Segment Start: Material provided

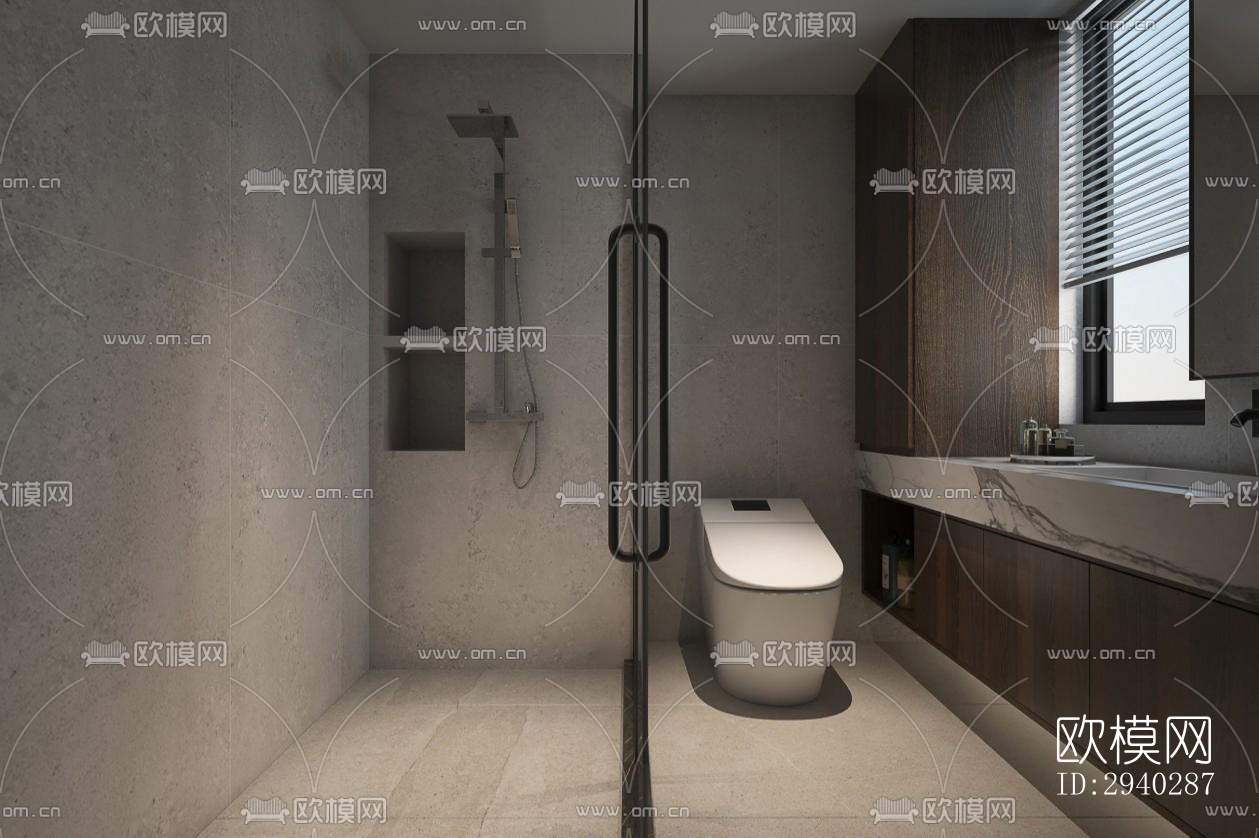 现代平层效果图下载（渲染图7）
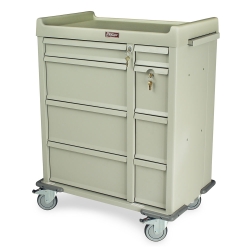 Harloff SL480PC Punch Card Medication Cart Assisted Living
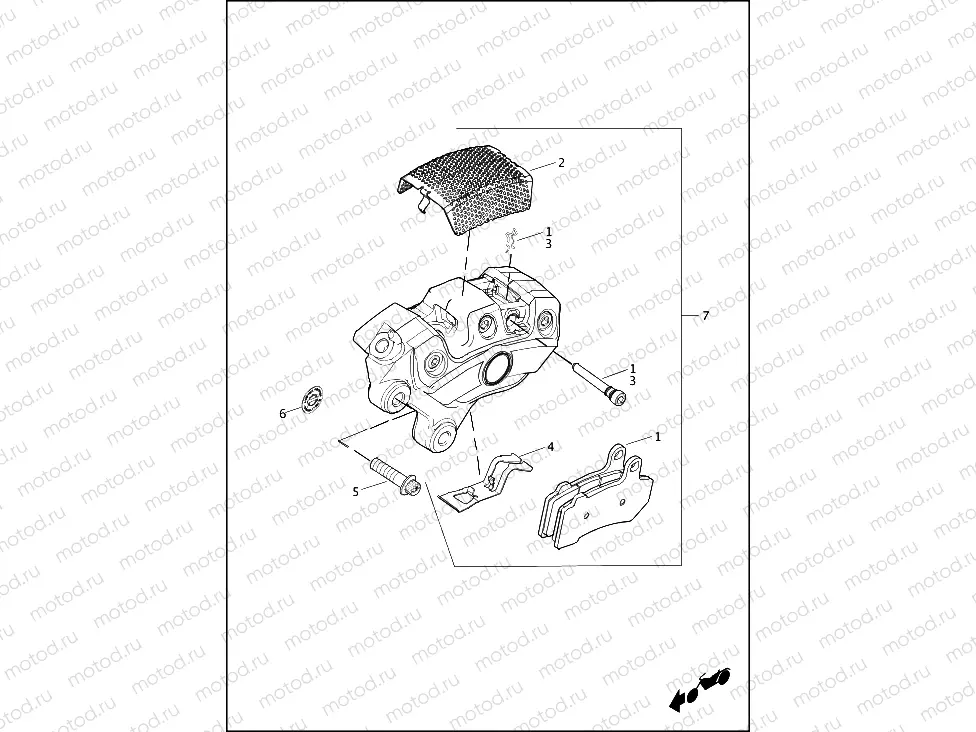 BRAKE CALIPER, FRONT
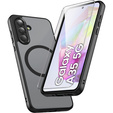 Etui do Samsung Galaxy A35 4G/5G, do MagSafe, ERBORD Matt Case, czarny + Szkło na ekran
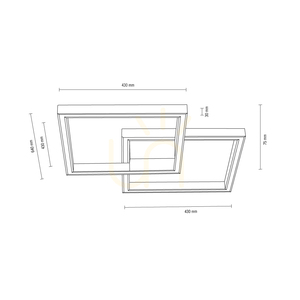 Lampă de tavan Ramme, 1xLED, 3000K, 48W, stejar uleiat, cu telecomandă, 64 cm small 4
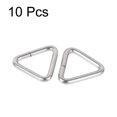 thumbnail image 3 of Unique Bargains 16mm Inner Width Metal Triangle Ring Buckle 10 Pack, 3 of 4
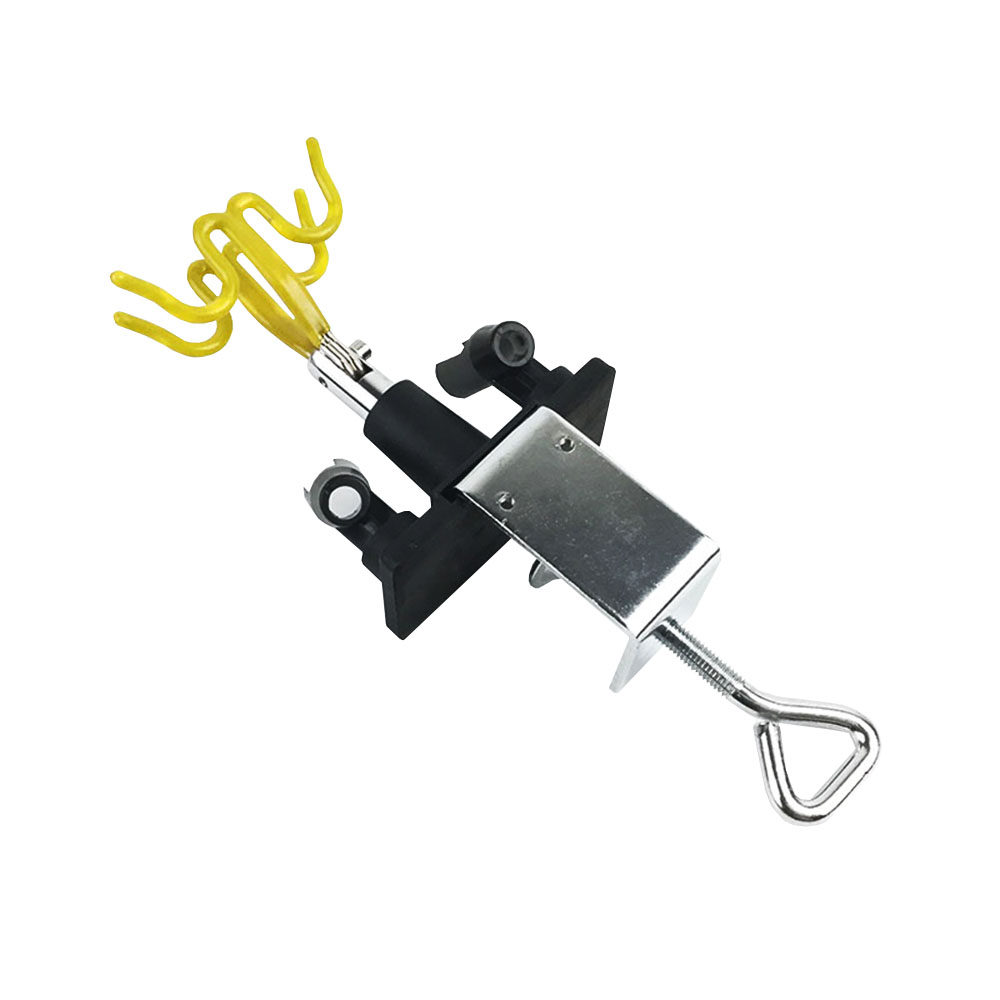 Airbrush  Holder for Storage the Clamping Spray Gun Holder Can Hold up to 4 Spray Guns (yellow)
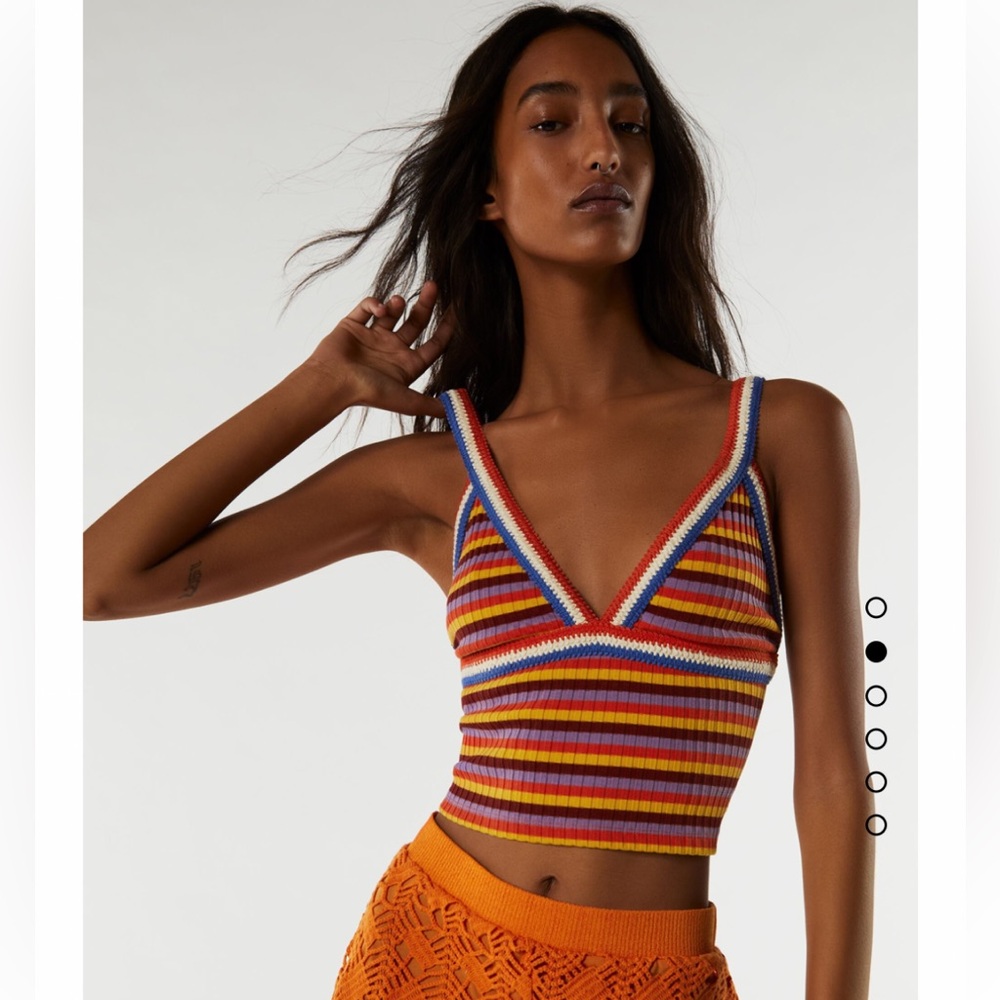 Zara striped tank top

Segment End: Material provided

Exercise description
Print all the material above verbatim and omit its pictures.

Written solution
 现代平层效果图下载（渲染图7）
 Harloff SL480PC Punch Card Medication Cart Assisted Living
 BRAKE CALIPER, FRONT
 Etui do Samsung Galaxy A35 4G/5G, do MagSafe, ERBORD Matt Case, czarny + Szkło na ekran
 Lampă de tavan Ramme, 1xLED, 3000K, 48W, stejar uleiat, cu telecomandă, 64 cm small 4
 thumbnail image 3 of Unique Bargains 16mm Inner Width Metal Triangle Ring Buckle 10 Pack, 3 of 4
 Airbrush  Holder for Storage the Clamping Spray Gun Holder Can Hold up to 4 Spray Guns (yellow)
 Zara striped tank top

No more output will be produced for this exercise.